I stumbled on this link. We had three failures this winter with IKO where the shingles ripped off in the wind.


----------



## McnicholsRoofing

*iko shingles*

funny everyone rags on iko when they have 1 class action lawsuit. now on the other hand if you google gaf they have over 20class action lawsuits going on. we will always use iko! now google every shingle and see how many class action lawsuits they got ahhahaah


----------



## Grumpy

edit: removed. Not worth arguing with some guy with one post.


----------



## jimsonburg

I've installed thousands of squares of IKO,without a problem.They are not my choice of shingle,but I think they did flood the market at one point with defective shingles,causing an uproar and dislike for the company in the roofing industry.


----------



## RemStar

At least gaf stands behind thier warranty...


----------



## Slyfox

McnicholsRoofing said:


> funny everyone rags on iko when they have 1 class action lawsuit. now on the other hand if you google gaf they have over 20class action lawsuits going on. we will always use iko! now google every shingle and see how many class action lawsuits they got ahhahaah


I just googled 'IKO shingles lawsuits' and there are four different cases listed on the first page.

BTW, I do not rag IKO, I have installed hundreds of squares of them and never had an issue with them yet.


----------



## Interloc

I hate them, different sizes,teeth dont line up,loses lots of granules,scuff fairly easy and that stupid armour zone just bites..:thumbdown:


----------



## tawassailor

*IKO shingle lawsuit*

Thank you for your inquiry into the IKO shingles class action lawsuits. All class actions involving IKO organic shingles nationwide against IKO are currently proceeding in the United States District Court, Central District of Illinois. There are two cases proceeding separately in Canada. *These class actions involve IKO shingles made with organic materials; please see the end of this e-mail for a list of known IKO organic shingle types*. Please note that this list may be subject to change. An updated list of the shingles we believe to be organic will always be posted at our website, www.ikoshingleslawsuit.com.


----------



## tawassailor

*get the details*

large scale early roof failures in Northern Michigan due to IKO shingles. From the web, multiple sites discussing the issues.

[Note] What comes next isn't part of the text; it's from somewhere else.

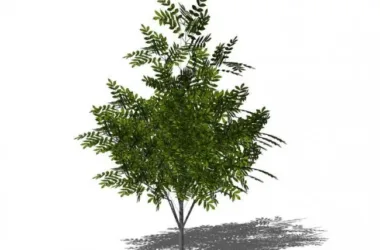 SketchUp Material Library: 3D Plant and Tree Models with Texture Components-BIM WORLD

worked with roofs from a teenager, never saw the brittle failure like I have with IKO.

I don't like GAF either. Only use Certainteed 30 year or longer. Never 3 tab, only heavy shingles. I walk away houses that use cheap shingles.

http://www.topix.com/forum/city/east-tawas-mi/TCH8CSS9OI06PNAUD


----------



## charlotteroofers

I'm a Certainteed guy myself and have noticed IKO shingles aren't of the same quality as Certainteed, GAF or TAMKO but they're decent. Atlas also had a bad Rap in the past which they say was due to a packaging problem but have since remedied the issue and I use them on alot of my Investment properties and have had great results. I like to Stick with companies that not only stand behind their Warranty but also have area Reps that answer the phone and assist you with potential problems.


----------



## dougger222

Thomas, your are correct with IKO being a leak only warranty. My local CT rep gave me a brochure the other day that lists all the manufacturers and specs according to each shingle ine. GAF/ELK and CT are both performance based warranties.

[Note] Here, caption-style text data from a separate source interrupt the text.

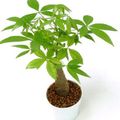 groen Kamerplanten Watercacao, Water Kastanje boom, Pachira aquatica foto, teelt en beschrijving, karakteristieken en groeiend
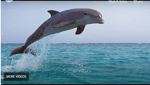 Flight reacts dolphin laugh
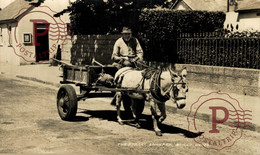 CARTE PHOTO  RPPC SCILLY STREET SWEEPER  BURROS ANE DONKEY EZEL BURRO - Scilly Isles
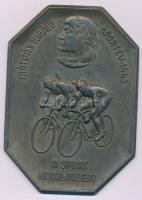 1943. "Mátyás király sportév 1943 - A sport honvédelem" kerékpáros, egyoldalas, hadifém pl...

The reason whey IKO denied all the organic claims was because as there warranty stated unless the defect causes a leak there's no grounds for a warranty claim.

Certainteed on the other with respect to organic shingles has always made right on there warranty claims. As a matter of fact it was easier to file before the class action settlement than after.

A lot of people think the settlement forced CT to pay organic claims, this is not true at all.


----------



## RemStar

"Beef With Iko"

http://www.cbc.ca/marketplace/2010/gps_distraction/busted.html


Solved.


----------



## Dan Gravelle

*they are nuts*

I have been roofing for a while and nothing beats iko. They are cut the straightest from the manufacturer, compared to bp, certainteed, and other crap companies. I find they go on nice and straight and look great. Maybe its the price that bougthers them...


----------



## Interloc

Dan Gravelle said:


> I have been roofing for a while and nothing beats iko. They are cut the straightest from the manufacturer, compared to bp, certainteed, and other crap companies. I find they go on nice and straight and look great. Maybe its the price that bougthers them...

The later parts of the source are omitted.